WHAT YOU HAVE TO DO: Select all lines in the records that include "ReactTextView".

INFORMATION:
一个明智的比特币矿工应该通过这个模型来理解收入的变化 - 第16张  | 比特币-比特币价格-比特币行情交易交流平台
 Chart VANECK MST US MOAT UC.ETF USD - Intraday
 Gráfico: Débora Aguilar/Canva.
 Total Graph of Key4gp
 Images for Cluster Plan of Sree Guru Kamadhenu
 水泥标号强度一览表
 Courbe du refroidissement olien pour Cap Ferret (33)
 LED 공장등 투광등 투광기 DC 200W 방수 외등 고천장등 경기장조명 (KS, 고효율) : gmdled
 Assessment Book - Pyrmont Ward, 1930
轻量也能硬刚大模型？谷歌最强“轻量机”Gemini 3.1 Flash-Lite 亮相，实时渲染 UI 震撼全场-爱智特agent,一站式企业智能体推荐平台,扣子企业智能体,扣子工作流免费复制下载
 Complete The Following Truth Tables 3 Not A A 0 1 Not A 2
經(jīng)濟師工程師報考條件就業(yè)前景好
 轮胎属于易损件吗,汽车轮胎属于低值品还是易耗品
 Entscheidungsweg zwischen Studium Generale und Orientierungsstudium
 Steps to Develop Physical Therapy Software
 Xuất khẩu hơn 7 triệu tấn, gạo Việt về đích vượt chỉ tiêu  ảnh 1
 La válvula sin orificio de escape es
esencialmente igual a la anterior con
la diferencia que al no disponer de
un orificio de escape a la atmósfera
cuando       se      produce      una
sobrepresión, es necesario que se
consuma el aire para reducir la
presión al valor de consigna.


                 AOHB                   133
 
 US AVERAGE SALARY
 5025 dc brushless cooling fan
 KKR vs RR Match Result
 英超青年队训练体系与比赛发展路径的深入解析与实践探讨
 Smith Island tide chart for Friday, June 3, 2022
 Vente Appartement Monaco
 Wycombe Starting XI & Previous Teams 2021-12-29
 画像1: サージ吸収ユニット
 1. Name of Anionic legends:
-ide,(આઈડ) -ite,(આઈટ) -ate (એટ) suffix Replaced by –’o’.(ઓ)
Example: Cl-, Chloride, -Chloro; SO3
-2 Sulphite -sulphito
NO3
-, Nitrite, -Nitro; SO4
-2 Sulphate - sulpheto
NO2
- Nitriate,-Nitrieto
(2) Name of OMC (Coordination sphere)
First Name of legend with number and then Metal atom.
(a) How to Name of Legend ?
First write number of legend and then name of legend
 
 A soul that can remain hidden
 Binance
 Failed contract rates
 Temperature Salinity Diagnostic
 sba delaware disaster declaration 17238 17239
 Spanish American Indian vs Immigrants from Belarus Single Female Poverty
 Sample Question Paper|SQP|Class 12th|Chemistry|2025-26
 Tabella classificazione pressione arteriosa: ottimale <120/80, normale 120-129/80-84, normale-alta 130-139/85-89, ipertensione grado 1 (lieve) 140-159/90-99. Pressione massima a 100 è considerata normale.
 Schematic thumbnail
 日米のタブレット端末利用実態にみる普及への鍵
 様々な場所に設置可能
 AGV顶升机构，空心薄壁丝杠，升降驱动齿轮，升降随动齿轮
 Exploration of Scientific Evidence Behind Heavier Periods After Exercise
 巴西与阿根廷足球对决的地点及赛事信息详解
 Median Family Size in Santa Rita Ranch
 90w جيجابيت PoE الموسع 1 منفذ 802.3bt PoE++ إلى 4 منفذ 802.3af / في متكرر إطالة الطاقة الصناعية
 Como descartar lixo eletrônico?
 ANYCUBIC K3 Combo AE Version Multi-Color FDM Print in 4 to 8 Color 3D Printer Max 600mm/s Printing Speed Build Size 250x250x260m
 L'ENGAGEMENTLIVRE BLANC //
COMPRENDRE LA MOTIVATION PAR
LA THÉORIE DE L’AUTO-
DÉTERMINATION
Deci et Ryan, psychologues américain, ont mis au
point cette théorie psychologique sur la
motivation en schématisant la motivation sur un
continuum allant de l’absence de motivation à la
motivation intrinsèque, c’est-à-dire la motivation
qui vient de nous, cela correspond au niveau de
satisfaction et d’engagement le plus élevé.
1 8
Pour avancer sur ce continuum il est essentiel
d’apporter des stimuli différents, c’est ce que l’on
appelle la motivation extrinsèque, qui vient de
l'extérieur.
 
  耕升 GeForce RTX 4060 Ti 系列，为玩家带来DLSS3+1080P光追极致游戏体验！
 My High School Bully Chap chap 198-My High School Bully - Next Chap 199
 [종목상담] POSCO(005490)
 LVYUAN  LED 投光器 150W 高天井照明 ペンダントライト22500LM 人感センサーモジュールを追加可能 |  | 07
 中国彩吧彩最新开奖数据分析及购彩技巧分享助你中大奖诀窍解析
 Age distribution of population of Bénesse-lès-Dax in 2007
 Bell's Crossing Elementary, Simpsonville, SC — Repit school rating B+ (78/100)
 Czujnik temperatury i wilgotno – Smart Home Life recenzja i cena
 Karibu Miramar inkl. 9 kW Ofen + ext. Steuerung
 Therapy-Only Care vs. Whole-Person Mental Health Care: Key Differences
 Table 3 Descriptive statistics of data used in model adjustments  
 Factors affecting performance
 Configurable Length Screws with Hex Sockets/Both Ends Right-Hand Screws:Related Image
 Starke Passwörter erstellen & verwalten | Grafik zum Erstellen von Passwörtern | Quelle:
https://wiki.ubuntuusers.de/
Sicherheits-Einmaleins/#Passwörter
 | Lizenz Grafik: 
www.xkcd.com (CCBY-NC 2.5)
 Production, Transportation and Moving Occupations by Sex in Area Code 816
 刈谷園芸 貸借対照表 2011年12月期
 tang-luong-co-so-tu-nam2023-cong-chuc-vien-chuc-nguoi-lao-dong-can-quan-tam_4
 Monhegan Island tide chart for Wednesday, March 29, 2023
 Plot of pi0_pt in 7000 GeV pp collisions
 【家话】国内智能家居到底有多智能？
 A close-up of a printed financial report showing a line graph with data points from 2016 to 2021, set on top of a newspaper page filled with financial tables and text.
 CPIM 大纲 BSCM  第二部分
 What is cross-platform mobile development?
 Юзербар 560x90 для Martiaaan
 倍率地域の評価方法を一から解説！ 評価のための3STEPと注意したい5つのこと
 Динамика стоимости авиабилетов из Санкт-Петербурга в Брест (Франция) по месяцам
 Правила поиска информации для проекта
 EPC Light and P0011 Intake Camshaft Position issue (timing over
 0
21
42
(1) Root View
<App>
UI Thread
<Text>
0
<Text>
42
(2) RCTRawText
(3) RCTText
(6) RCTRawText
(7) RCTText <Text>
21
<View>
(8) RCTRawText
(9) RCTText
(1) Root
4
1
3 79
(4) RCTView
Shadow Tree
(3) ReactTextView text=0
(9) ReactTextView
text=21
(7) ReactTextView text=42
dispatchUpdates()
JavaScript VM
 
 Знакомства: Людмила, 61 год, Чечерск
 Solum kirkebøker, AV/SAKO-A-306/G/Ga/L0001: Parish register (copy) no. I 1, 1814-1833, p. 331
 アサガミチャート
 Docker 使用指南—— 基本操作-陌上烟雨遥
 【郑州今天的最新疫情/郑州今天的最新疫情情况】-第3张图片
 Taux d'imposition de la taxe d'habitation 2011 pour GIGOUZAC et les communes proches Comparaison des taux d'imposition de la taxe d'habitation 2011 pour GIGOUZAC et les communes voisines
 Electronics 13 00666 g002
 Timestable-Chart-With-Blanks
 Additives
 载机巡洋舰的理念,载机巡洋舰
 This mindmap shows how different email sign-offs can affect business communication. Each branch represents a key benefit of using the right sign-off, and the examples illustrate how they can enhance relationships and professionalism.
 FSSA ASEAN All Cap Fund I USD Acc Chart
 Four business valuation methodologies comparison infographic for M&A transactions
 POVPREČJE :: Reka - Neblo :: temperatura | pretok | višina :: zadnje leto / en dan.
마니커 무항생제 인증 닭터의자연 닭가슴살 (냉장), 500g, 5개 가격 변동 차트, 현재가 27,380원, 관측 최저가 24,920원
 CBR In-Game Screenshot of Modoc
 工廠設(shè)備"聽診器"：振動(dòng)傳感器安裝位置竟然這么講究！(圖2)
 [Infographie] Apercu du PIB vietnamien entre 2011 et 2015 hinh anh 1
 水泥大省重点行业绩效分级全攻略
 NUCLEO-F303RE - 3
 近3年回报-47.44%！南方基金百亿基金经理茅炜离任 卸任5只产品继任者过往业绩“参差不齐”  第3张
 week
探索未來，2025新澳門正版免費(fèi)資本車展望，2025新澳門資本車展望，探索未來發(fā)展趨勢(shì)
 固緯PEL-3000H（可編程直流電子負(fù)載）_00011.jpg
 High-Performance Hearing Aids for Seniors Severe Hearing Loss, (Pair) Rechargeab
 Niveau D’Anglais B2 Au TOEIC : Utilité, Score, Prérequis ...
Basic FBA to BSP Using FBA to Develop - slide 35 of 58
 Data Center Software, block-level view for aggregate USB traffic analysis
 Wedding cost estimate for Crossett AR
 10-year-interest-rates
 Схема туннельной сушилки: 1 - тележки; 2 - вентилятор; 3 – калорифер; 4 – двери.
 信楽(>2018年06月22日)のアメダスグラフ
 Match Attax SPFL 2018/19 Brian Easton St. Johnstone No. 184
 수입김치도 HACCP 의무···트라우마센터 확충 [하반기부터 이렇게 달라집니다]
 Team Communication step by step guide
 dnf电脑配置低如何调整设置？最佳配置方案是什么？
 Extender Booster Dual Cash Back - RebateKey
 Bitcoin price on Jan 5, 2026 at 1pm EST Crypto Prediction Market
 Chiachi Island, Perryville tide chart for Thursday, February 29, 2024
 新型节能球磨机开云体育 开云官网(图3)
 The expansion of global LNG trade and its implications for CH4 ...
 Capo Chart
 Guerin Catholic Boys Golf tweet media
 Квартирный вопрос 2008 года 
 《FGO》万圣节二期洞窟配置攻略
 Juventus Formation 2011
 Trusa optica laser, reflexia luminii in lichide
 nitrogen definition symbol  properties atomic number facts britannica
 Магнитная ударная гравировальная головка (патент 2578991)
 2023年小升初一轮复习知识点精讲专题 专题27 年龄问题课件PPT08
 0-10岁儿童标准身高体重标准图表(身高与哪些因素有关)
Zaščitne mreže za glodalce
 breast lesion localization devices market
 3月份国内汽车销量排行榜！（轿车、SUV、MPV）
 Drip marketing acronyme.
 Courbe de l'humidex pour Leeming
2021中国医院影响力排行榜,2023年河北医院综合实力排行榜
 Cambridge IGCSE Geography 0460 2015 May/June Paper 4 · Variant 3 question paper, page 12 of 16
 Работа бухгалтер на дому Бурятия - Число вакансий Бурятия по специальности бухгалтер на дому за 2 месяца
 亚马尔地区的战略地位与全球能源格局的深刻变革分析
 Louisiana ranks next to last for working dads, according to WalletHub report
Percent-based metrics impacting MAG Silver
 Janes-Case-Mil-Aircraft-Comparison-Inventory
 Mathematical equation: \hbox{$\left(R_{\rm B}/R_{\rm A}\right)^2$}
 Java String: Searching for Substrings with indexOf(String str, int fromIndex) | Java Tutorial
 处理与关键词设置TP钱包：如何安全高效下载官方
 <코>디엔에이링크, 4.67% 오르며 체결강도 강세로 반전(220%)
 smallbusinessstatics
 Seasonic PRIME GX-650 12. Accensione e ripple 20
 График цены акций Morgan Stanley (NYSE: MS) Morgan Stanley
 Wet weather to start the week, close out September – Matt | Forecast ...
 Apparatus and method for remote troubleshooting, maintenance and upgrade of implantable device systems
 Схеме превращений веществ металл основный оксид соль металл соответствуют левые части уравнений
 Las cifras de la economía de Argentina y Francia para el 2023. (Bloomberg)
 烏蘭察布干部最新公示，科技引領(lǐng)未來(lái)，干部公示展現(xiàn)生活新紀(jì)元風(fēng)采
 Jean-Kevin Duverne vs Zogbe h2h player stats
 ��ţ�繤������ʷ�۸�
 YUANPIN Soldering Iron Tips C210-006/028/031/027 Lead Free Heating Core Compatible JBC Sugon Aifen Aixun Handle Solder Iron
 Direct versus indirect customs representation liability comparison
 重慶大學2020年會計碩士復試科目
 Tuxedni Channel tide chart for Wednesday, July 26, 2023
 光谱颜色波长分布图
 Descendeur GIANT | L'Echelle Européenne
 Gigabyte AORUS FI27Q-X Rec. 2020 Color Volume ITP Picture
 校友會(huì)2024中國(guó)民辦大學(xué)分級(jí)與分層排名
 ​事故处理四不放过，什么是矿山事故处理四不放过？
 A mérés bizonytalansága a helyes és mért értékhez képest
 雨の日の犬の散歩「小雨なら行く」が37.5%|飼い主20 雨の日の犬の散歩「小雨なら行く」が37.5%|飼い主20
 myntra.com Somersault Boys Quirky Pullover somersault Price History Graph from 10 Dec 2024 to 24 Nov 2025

EXERCISE RESPONSE:
(3) ReactTextView text=0
(9) ReactTextView
(7) ReactTextView text=42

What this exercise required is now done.